Work instructions:
A stretch of the entries below is to be set down exactly, running from the line with "图片[21]数据安全-治理-指南数据安全法规现状" through the line with "Natural Gas Futures 15 Minutes Chart", both included, and no other line.

Saved entries:
▬▬▬

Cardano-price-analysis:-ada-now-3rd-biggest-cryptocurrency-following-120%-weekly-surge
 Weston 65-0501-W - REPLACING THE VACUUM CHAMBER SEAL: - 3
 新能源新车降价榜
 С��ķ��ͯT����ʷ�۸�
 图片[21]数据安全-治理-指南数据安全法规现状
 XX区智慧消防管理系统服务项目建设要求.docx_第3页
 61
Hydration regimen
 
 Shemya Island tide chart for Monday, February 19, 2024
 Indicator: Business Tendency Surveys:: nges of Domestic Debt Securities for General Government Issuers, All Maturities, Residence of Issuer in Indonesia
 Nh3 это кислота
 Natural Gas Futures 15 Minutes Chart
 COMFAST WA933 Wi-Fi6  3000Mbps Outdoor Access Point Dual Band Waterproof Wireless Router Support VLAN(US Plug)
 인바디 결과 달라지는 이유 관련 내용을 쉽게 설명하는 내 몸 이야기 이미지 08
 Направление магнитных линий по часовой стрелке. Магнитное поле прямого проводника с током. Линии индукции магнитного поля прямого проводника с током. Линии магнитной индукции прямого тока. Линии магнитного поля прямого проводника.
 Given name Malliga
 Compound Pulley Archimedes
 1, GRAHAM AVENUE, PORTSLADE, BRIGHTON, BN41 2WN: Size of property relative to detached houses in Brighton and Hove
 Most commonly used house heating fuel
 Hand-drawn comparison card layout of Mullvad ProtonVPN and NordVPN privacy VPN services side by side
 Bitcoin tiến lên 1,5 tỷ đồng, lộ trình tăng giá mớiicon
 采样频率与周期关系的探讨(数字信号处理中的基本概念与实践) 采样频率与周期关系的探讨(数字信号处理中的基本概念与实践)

▬▬▬

Solution for this task:
 图片[21]数据安全-治理-指南数据安全法规现状
 XX区智慧消防管理系统服务项目建设要求.docx_第3页
 61
Hydration regimen
 
 Shemya Island tide chart for Monday, February 19, 2024
 Indicator: Business Tendency Surveys:: nges of Domestic Debt Securities for General Government Issuers, All Maturities, Residence of Issuer in Indonesia
 Nh3 это кислота
 Natural Gas Futures 15 Minutes Chart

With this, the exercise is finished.